With a recent series of high profile arrests, Guatemala‘s authorities, under the leadership of a new attorney general, are beginning to show their teeth. But while initial results have been positive, treacherous times await.
Just three days after the murder of Argentine folk singer Facundo Cabral, who was shot dead on July 9 while driving to Guatemala City airport, the government announced it had arrested three suspects.
Cabral was being driven by a business associate, Nicaraguan night club owner Henry Fariñas, who was badly injured in the attack. Authorities say Fariñas was the target of the multiple gunmen, who had been tracking him since the previous day.
The three suspects were part of a Guatemalan criminal network, but authorities said that they had been contracted by a group based in another Central American nation. Fariñas owns strip clubs in Guatemala, Honduras, Nicaragua, Costa Rica and Panama.
This swift action is stunning for a country that has grown accustomed to high levels of crime which normally go unresolved and unpunished. Attorney General Claudia Paz y Paz said the government had analyzed and processed information from security cameras, fingerprints, and old case files that connected the group to a car theft ring that doubles as an assassin network.
The Public Ministry and police said they had worked closely with the United Nations’ Commission Against Impunity in Guatemala (Comision Internacional Contra la Impunidad in Guatemala – CICIG).
Perhaps to dispel any doubts about their quick judgement, the Government Ministry posted a detailed and chilling blow-by-blow account of the crime (See slideshow below, with InSight Crime’s narration).
The arrests came just hours after another operation, less celebrated but equally stunning, which resulted in the arrest of several members of an organized criminal group which operates in close association with Mexican drug gang the Zetas.
Kevin Saul Overdick, who one newspaper identified as the son of kingpin Walter Overdick, was taken into custody along with five other alleged members of Overdick group, one of the most powerful Guatemalan criminal enterprises. They were preparing for what authorities called a “narco-fiesta” of horse races, cockfights and beer in the northern municipality of Ixcan, close to the Mexican border.
As InSight Crime details in a report to be released in the coming weeks, Overdick’s organization provides logistical support and financial infrastructure for the Zetas. It also moves tons of cocaine through the eastern and northern part of the country on its way to the United States.
On Sunday, authorities captured five members of a different branch of the Overdick organization, including its leader Amner Millan Quijada, also in Ixcan. Millan Quijada runs a logistics group based in Coban that locals refer to as the “Chulamicos.”
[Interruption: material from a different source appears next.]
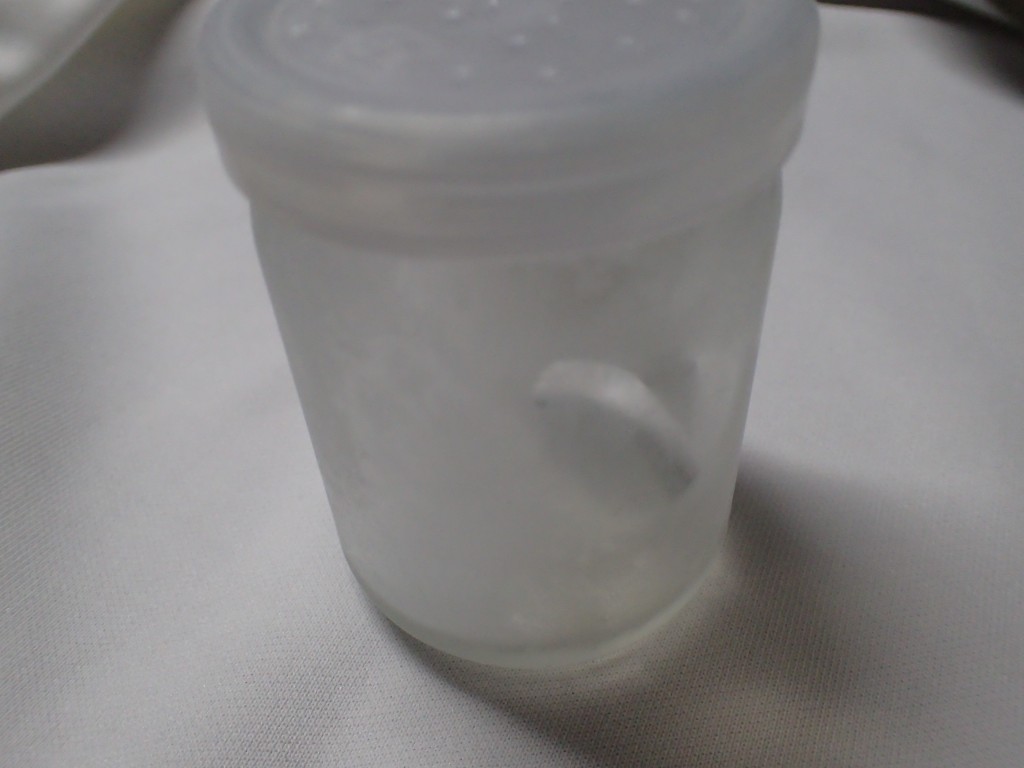 蚊の入った瓶を冷凍庫で30分冷やした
This success follows more than 40 arrests connected to the Zetas’ brutal massacre of 27 farmworkers in May and murder of a Coban prosecutor days later, and the capture of three suspects in the unrelated murder of two mayoral candidates on the outskirts of the city. With these operations, the government has shown itself both capable and willing to take action.
This turnaround follows the inauguration of Claudia Paz y Paz as attorney general in December 2010. International and local analysts told InSight Crime that Paz y Paz is working hard to change the culture of an institution whose failures lie at the heart of the country’s near 98 percent impunity rate.
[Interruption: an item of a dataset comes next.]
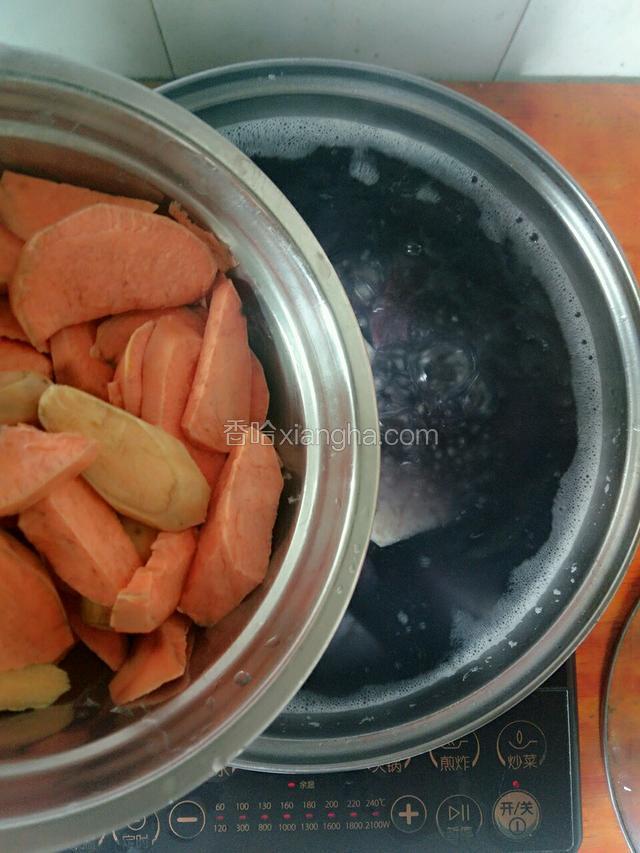3.4分钟后，倒进红薯，煮至全部的东西差不多全熟。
The new attorney general has the right resume. She is a doctorate in human rights and criminal law. She worked with the storied human rights section of the archbishop’s office in the early 1990s, which later produced a damning report about the country’s war, placing most of the blame on the military for countless abuses and extrajudicial executions.
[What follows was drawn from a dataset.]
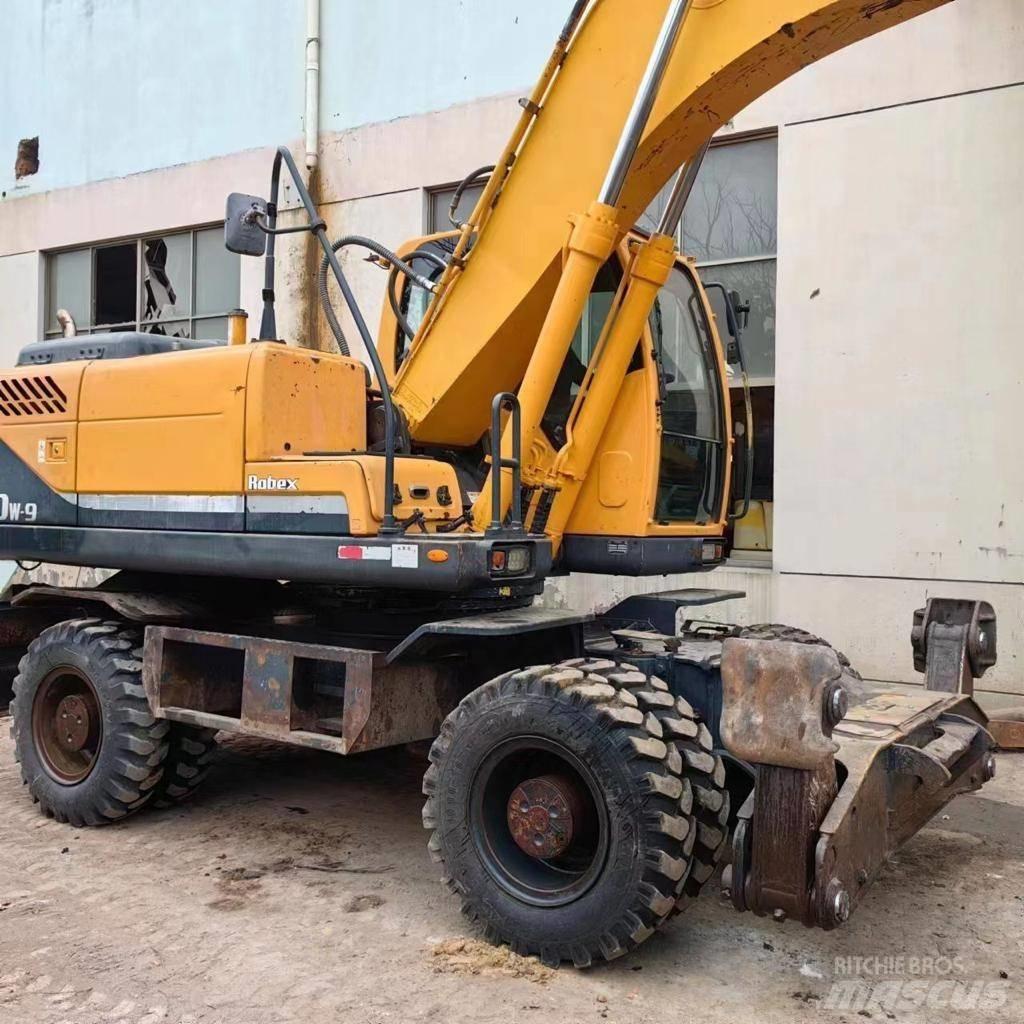 Hyundai 210-9  휠 굴삭기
She also worked on the famous “Dos Erres” case, in which over 250 people were massacred by special forces from the Guatemalan army in 1982 (click here for pdf version of summary and resolution of case). The Inter-American Court of Human Rights condemned the state for the massacre in 2009.
But whether Paz y Paz’s resolve, and the recent encouraging results, will translate into profound changes for the country remains to be seen, and may not depend wholly on her.
The Alvaro Colom administration has put other capable and powerful personalities in important positions, only to let them drown in the political cesspool that surrounds them — most notably Helen Mack, the combative founder of the Myrna Mack Foundation.
Named after her slain sister, the foundation did more to break the invisible but formidable wall of impunity protecting the military and its operatives than any other Guatemalan non-governmental organization in the last 20 years. But since being called on to run the police reform commission, Mack has been frustrated, isolated and largely ineffective.
Colom is also enmeshed in a political struggle that may subsume all reform efforts. His ex-wife, Sandra Torres, who divorced him to be eligible to run for president, is now facing the possibility that the courts will block her candidacy for the September 11 elections.
Torres is already lagging in the polls behind a former military officer, Otto Perez Molina, whose possible connections to human rights abuses during the war and current political connections make it clear that he would remove Paz y Paz as soon as he took office.
But no matter what happens to the current attorney general, in her short time in office Paz y Paz has shown Guatemalans that change is possible, and that there are dedicated and determined officials in the Public Ministry. In other words, she has been a ray of light in a dark situation.